# EXERCISE AIM
Among the entries below, please repeat exactly and only the lines from the line containing "Ah Cheng Laksa | 3 Damansara" to the line containing "Super Mario Little", both lines included.

# RECORDS FOR THIS TASK
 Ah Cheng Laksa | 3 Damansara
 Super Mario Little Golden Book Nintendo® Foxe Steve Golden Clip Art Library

* * *

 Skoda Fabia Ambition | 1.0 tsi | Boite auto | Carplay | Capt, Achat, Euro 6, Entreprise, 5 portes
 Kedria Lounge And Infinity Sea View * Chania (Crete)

# RESULT OF THIS TASK
 Ah Cheng Laksa | 3 Damansara
 Super Mario Little Golden Book Nintendo® Foxe Steve Golden Clip Art Library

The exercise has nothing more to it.